So, I've had this really cute DIY
ladybird owl costume by Seablanket bookmarked since it was posted last year, thinking, "That's so cute -- I bet it would look even cuter on a Blythe." The colors chosen by Chelsea are probably what drew me to it the most. They're really pretty! I've been wanting to do some kind of approximation of this for months! I've had tiny snaps hanging around for a year and a half.
However, I really can't sew; it doesn't come naturally to me. Partially I believe it's because I have dyscalculia, aka math dyslexia. That isn't just about numbers -- although I do have a hard time with basic, single-digit adding and subtracting (ain't no shame in using your fingers to count) and I don't even want to talk about the number of math classes I failed from the seventh grade up -- it's about spatial awareness and conceptualizing and keeping tasks in order. It's the reason I have no sense of direction, find it extremely difficult to play games that require strategy or score-keeping, have trouble gauging distances and measurements. There's something that doesn't quite connect about the way my brain perceives (or not) the construction of things. It makes it really hard for me to follow patterns for sewing, embroidering, knitting, crocheting... even, or perhaps especially, cooking. Those little questions on math tests that have an unfolded three-dimensional shape and ask, "What shape is this?" I'm like, "I DON'T KNOW, IT COULD BE A SQUARE, OR IT COULD BE AN ELEPHANT, OR THE WHITE HOUSE." I can't fold it up in my brain to see what it is. Know what I mean?
So following sewing patterns... which are often written for people who already have basic sewing skills (which I do not)... oh my gosh. Disastuh, as Beyonce would say to Lady Gaga.
I've tried several times before to make the easiest-seeming
A-line dress and never done anything half-successful. I just don't have enough sewing knowledge. I don't have a sewing machine, either, and so anything I'm attempting to sew by hand promises to be time-consuming and stress headache-inducing. But I finally decided to look at some of the A-line dresses in my girls' wardrobe and essentially construct the dress just by looking at how others have done it. I also decided to make it out of felt, so as not to bother with lining and finishing off hems and sleeves; I remember back when I very first had Aury there was a felt A-line dress activity that everyone was doing, and it seemed easier, and I am much more comfortable with felt because I use it all the time for applique. And hey, it worked!
Silly, but for me, a huge triumph. Like, I don't even have the confidence that having put together a felt dress once, I could do it again.
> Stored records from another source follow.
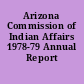 Arizona Commission of Indian Affairs 1978-79 Annual Report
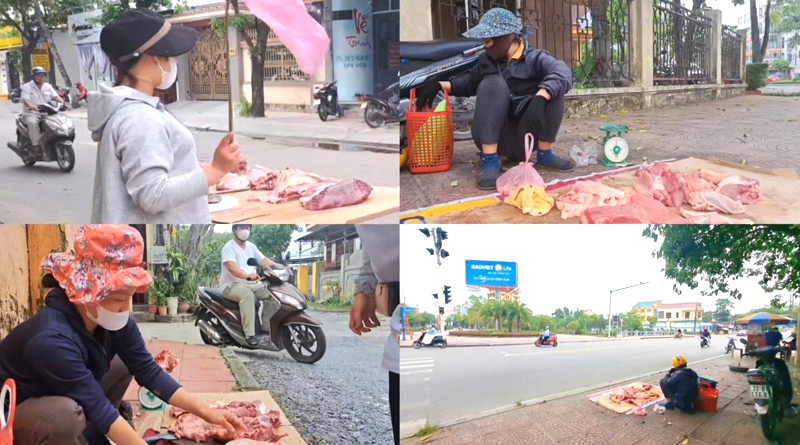 Tình trạng buôn bán thịt sống không đúng nơi quy định: Cần chấn chỉnh kịp thời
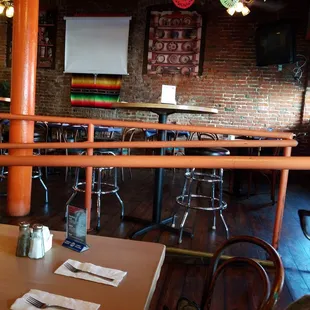 One half of the eating area.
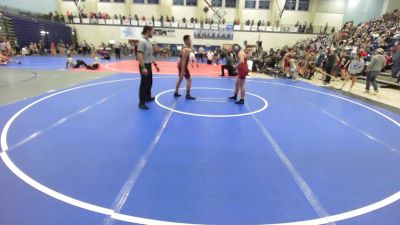 165 lbs Quarterfinal - Aubrey Bishop, Beebe Youth Wrestling vs Jose Perea, Rogers Iron Wrestling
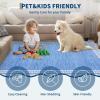 Garvee 2×6 Washable Scalloped Lace Runner Rug, Soft Non-Shedding Low Pile Rugs Runner for Hallway Entryway Living Room, Contemporary Elegant Carpet for College Playroom Kids Room, Beige(Scalloped Lace Blue)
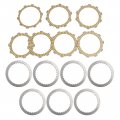 Topteng Clutch Plate Kit Disc Plates Steel Friction Fits For Honda Ft500c 1982-1983 22201-ml4-610 22202-ml4-611 23311-200-000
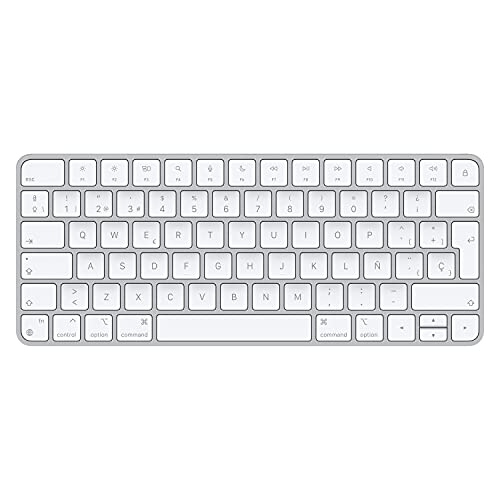 Apple Magic Keyboard: Bluetooth, wiederaufladbar. Kompatibel mit Mac, iPad oder iPhone; Spanisch, Silber von Apple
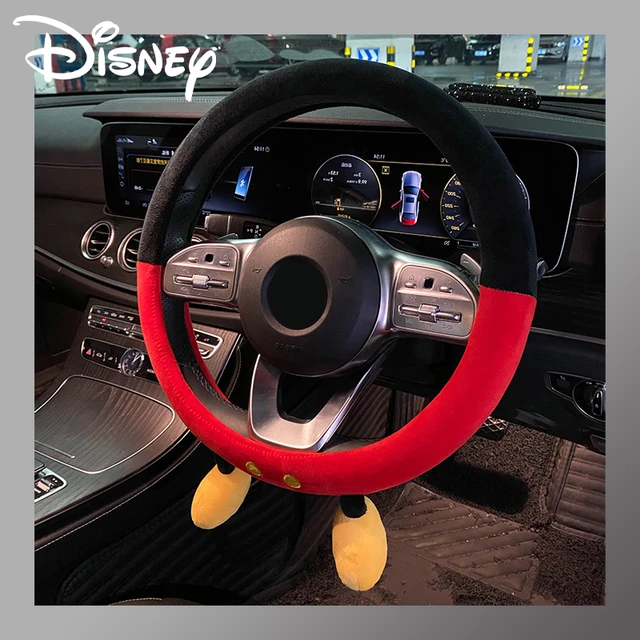 mickey mouse cute car accessories steering wheel cover interior for women  girl for seasons - AliExpress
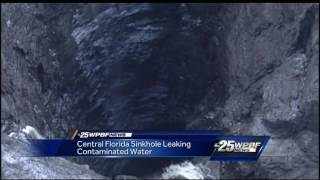 Central Florida sinkhole leaks contaminated water Massive Sinkhole Allows Contaminated Water To Flow Into Floridan Aquifer
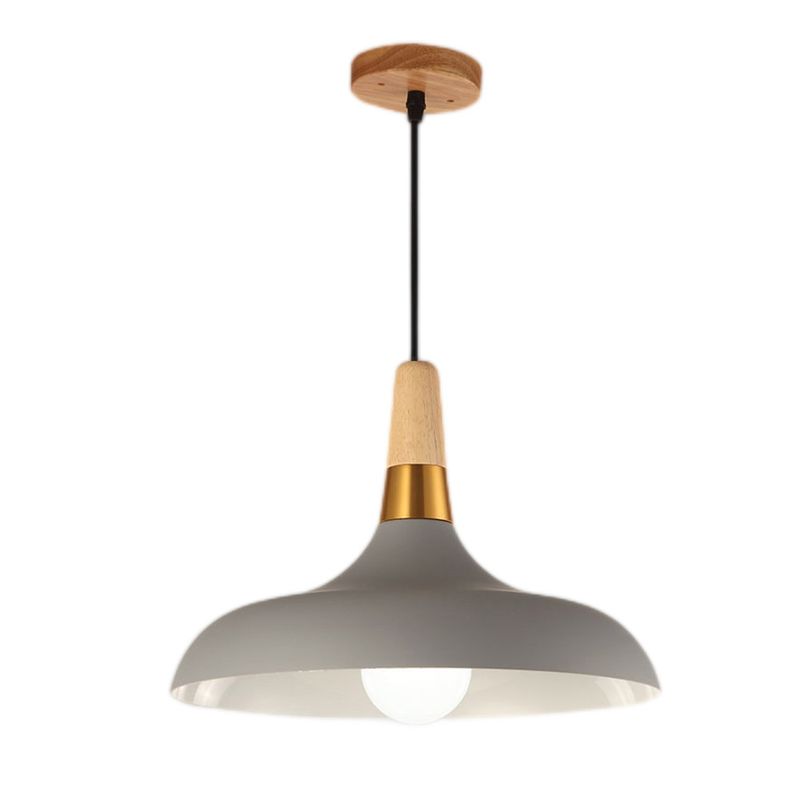 HOME NEAT - Lámpara colgante moderna E27 ø35cm Gris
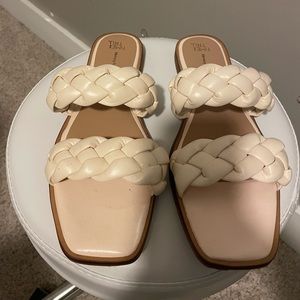 Off white flats
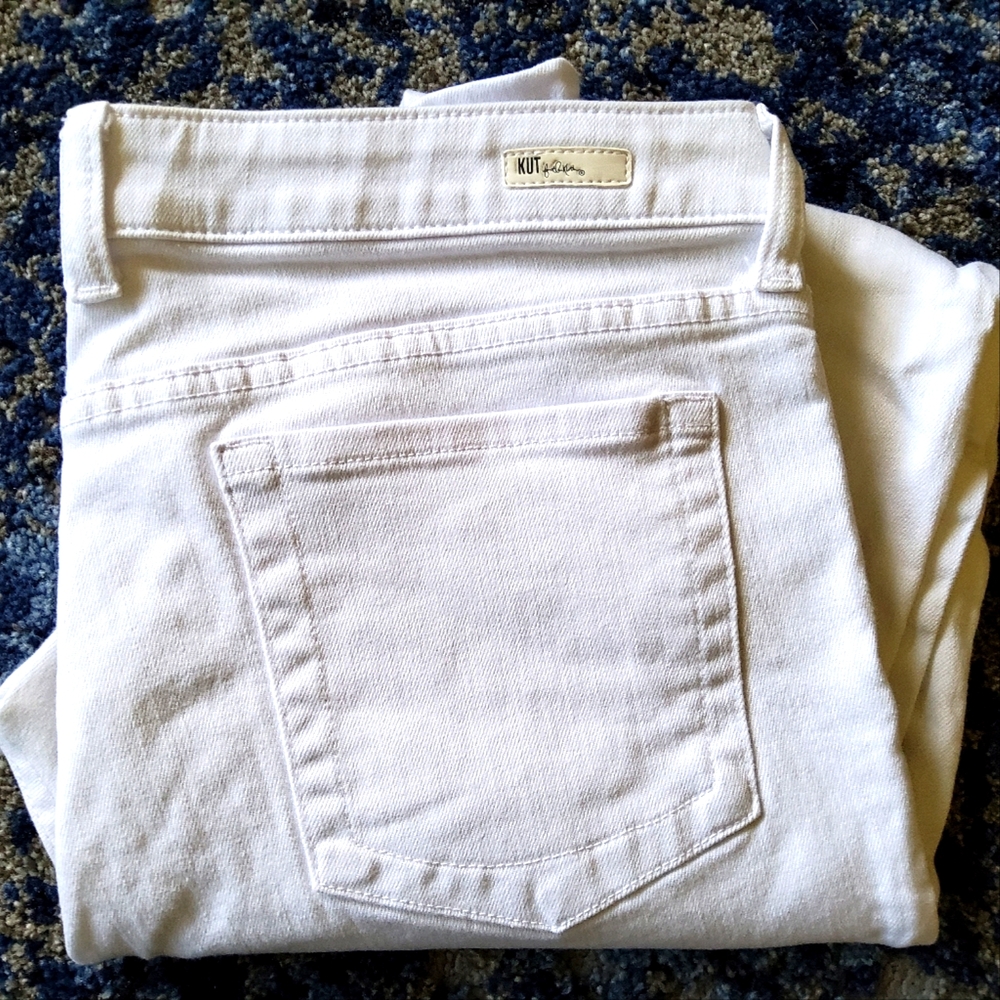 Kut From the Kloth Diana Skinny white jeans size 14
What if it was
an accident??
Anyway, I immediately got started cutting "feathers" loosely following the tutorial on Seablanket. I had so much fun choosing the colors! I chose a cranberry red, a mustard yellow, baby pink, sky blue, chocolate brown, and beige.
I glued them down with craft glue like roofing tiles and reinforced most of the ones on the edge with stitches here and there, like where Aury's arms would surely press against them a lot. Tacky glue is awesome and I use it on the ears of every deer hat I make, but actually sewing stuff down is a lot better, I know.
Still, in the end, even though it's kind of ramshackle, I'm kind of proud of myself for making something that Aury is actually wearing right now! With lovely striped socks from the wonderful
Freya and the blue Mary Janes from the Takara Shoe Cruise Day set, she looks like such a character!